Voluntary sector organisations have given a cautious welcome to the government’s new £4bn Levelling Up Fund amid concerns about the need to prepare for a shrunken economy and difficulties in the labour market.
Chancellor Rishi Sunak, who announced the funds in his spending review yesterday, said the money would provide cash for local projects in areas hit hardest by the pandemic and where investment had lagged behind the rest of the UK.
Caron Bradshaw, chief executive of the Charity Finance Group, said: “The ‘Levelling up’ £4bn investment is welcome and we are keen to see how it will be distributed, how quickly, and to whom.”
But Bradshaw said the funding needed to be set in a context that took into account the depth of local authority cuts over the past decade, the immediate rising demand in unmet needs caused by the pandemic and the potential consequences of Brexit.
She said she was no longer surprised at the absence of reference to charities and social enterprise from successive chancellors in anything other than pet projects and giveaways.
“The government needs to shift its thinking away from the short-term gimmicks to strategic investment if it is ever to succeed at ‘levelling up’ and see Britain ‘build back better’,” said Bradshaw.
Jonathan Werran, chief executive of the think tank Localis, said the promise of a Levelling Up Fund would bode well, but the need for departmental and parliamentary consensus suggested good local dialogue and a requirement for strong, well-defined local delivery vehicles would be required.

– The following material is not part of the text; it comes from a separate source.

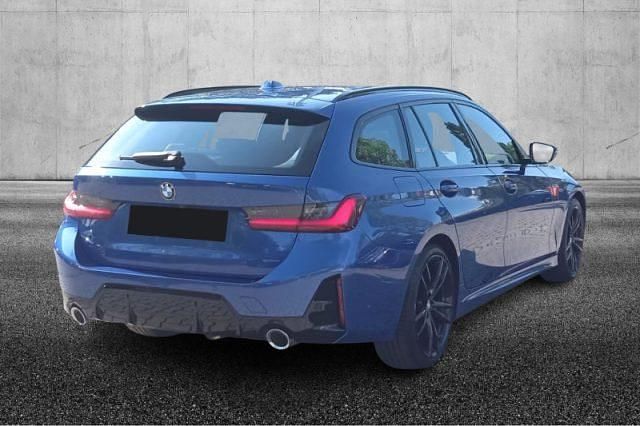 Usata BMW 320 M Sport 190 CV (139 kW) 2022 Blu/azzurro Station wagon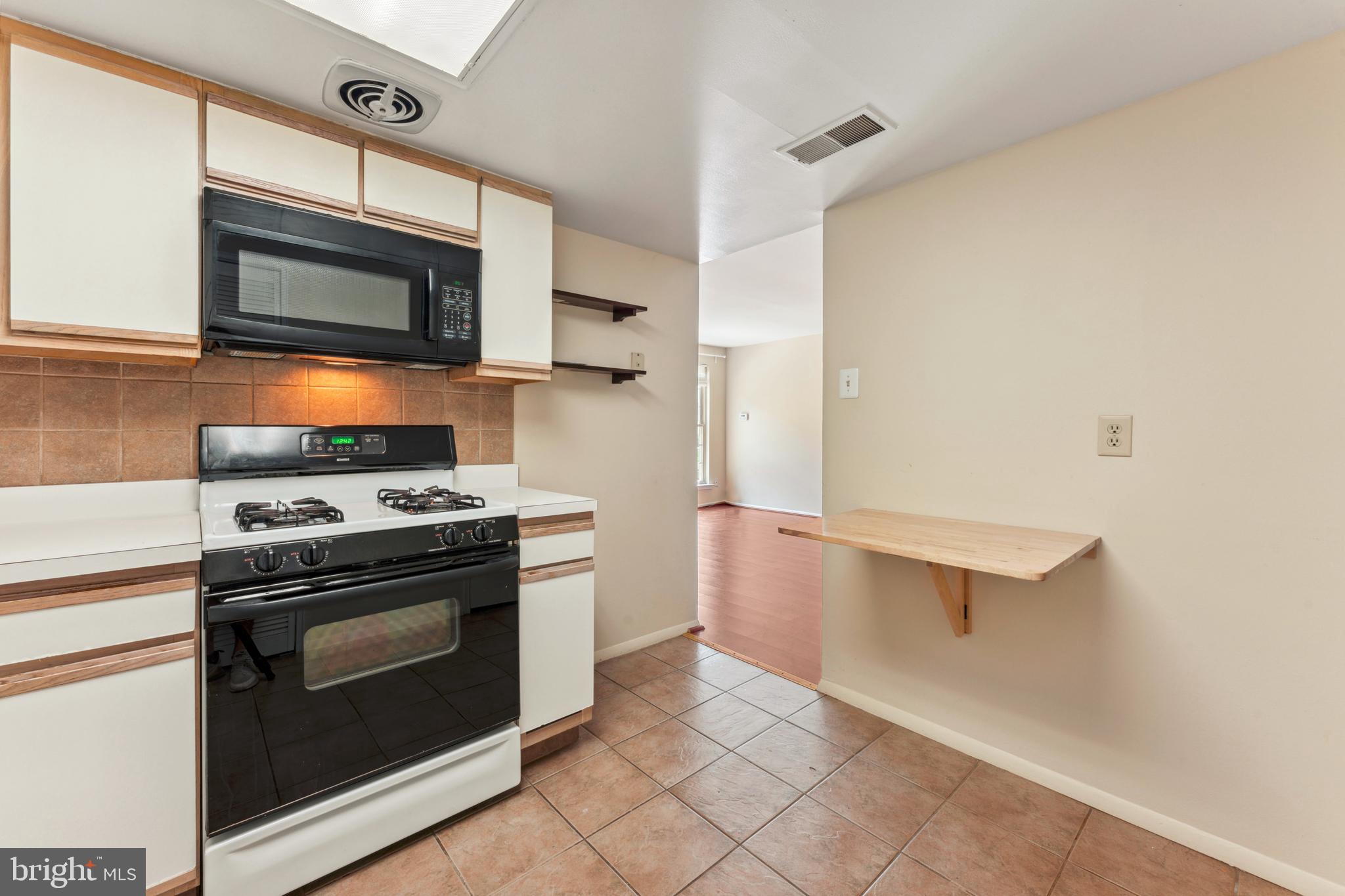 441 Tomlinson Road, Unit H1 Philadelphia, PA 19116 - Photo 9 of 21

Vidhya Alakeson, chief executive of the independent trust Power to Change, said: “While we welcome the spirit of the Levelling Up Fund, to support ‘the infrastructure of everyday life’, there is a real risk that this centrally controlled funding does not deliver against its aims.”
The National Council for Voluntary Organisations said it was good to see the Chancellor keep to his promise that people "will not see austerity" next year because communities could not level up while funds to services were cut.
Paul Winyard, policy manager at the umbrella body, said: “The government has the unenviable task of trying to navigate some very choppy economic waters created by the pandemic and the forthcoming end of the Brexit transition period.”
“But the failure to focus more on social infrastructure and recognise the financial hardship that the voluntary sector is facing was a missed opportunity for a government attempting to ‘level up’ communities.”
The local infrastructure body Navca said it would be looking closely at the details of the new fund.
Clare Mills, its head of communications and external affairs, said: “Many people are already walking a tightrope, every day, trying to make their income meet the costs of living.”